Creative Couples

Creative Couples

Over the centuries creative couples have been drawn together by similar interests and desires. The outcome of these relationships has greatly influenced the lives and careers of the individual artists, with personal belief, gender, societal influences, politics and religion determining the role of each partner.

As social, political, religious and gender issues were being challenged and the documentation of information became easier after the Industrial Revolution, creative couples of the late 1800s and early 1900s were written about more extensively, thus more is known about them. However, not as much is documented about creative couples prior to this.

With this in mind we will examine a variety of creative couples that lived within the period of 1750 till

1920. We will observe their highs and lows, the conflicts and encouragement as well as the turmoil and balance they brought each other, which will show the varied outcomes of their lives and consequently their careers.

Living in any relationship with another person is bound to influence both parties immeasurably. Whether the relationship is positive or negative depends on the individual’s beliefs, personality and actions within the relationship. Creative couples have been particularly influenced by the social climate of their times.

An example is the relationship between Gabriel Munter and Wassily Kandinsky. Munter went to study at the unofficial Phalanx Art School, of which Kandinsky was a founder, because official art schools in Germany were closed to women at that time. Their relationship lasted for more than 10 years.

During this time Munter often frustrated Kandinsky. All though he could see her talent, he was amazed and exasperated by her personal style and remarked, “You are hopeless as a student – one can teach you nothing.” (Petersen Karen & J.J. Wilson, 1976) However, Munter found in him the inspiration she needed to press forward her claim as an artist in her own right, later saying, “He loved, understood, treasured and encouraged my talent.” (Petersen Karen & J.J. Wilson, 1976).

Their relationship had ended by the time the war started in 1914. Kandinsky returned to his homeland, devastating Munter, who moved to Stockholm. ‘Her paintings of the time revel the tension and isolation she suffered. Instead of brilliant landscapes and portraits of her friends, she turned to thoughtful, frequently melancholy studies of women. Then in 1918 the paintings stop; the trauma of separation from Kandinski seems to have jarred her very sense of herself as an artist’ (Petersen Karen & J.J. Wilson, 1976)

As creativity is such a personal and emotional outpouring of who we are individually, conflict between creative couples is inevitable. The relationship of Camiile Claudel and Auguste Rodin is well known and much is recorded about them, including a film titled Camille Claudel – The Story of Rodin’s Mistress. Claudel was twenty years younger than Rodin when they met in 1893 and they embarked on a relationship that was turbulent, complex and volatile.

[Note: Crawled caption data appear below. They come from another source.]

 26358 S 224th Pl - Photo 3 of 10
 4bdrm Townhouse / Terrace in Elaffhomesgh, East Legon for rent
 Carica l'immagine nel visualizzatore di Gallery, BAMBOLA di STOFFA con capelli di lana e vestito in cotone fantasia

When Paul Claudel wrote on the subject of the relationship between Rodin and his sister, he demonstrates clearly the emotional and creative conflicts between them. “And besides, two geniuses of equal power and of different ideals could not continue to share the same studio and the same customers. Separation was necessity for the man, but for my sister it meant complete, profound, and final catastrophe. The sculptors profession is for a man a constant challenge to common sense: for an isolated woman having my sister’s temperament it is a pure impossibility. She staked everything on Rodin, and she lost everything in losing him.” (Descharnes Robert and Jean-Francois Chabrun, 1967)

With a similar outcome in their relationship as with Kandinsky and Munter, claudel’s creative expression of how she felt about her turbulent relationship with Rodin and his distancing himself from her toward the end of their relationship is clearly illustrated in her piece L’Age mur. In the work Camille is on her knees, trying to hold Rodin back, while he turns away from her toward an older woman, Rose, who was Rodin’s unofficial wife. This is said to be the most autobiographical work done by Claudel.

It is evident that Rodin encouraged Claudel as much as he could considering their times. He supported her in many ways, recognizing her talent as her own, “I helped her find gold in art, but it was all in herself.” (Willian Harlane Hale and the editors of Time Life Books, 1972).

Rodin also encouraged and assisted Claudel with exhibiting her work. “She was mad about sculpture – to such a point that, during the fifteen years of their stormy liason, Rodin considered her more equal than pupil. This is reflected in a will he made twenty years after they had parted, which specified that a room be dedicated to her sculpture in thre Rodin Museum which he was to bequeath to the State after his death, confirmiung his high regard for her work.” (Descharnes Robert and Jean-Francois Chabrun, 1967).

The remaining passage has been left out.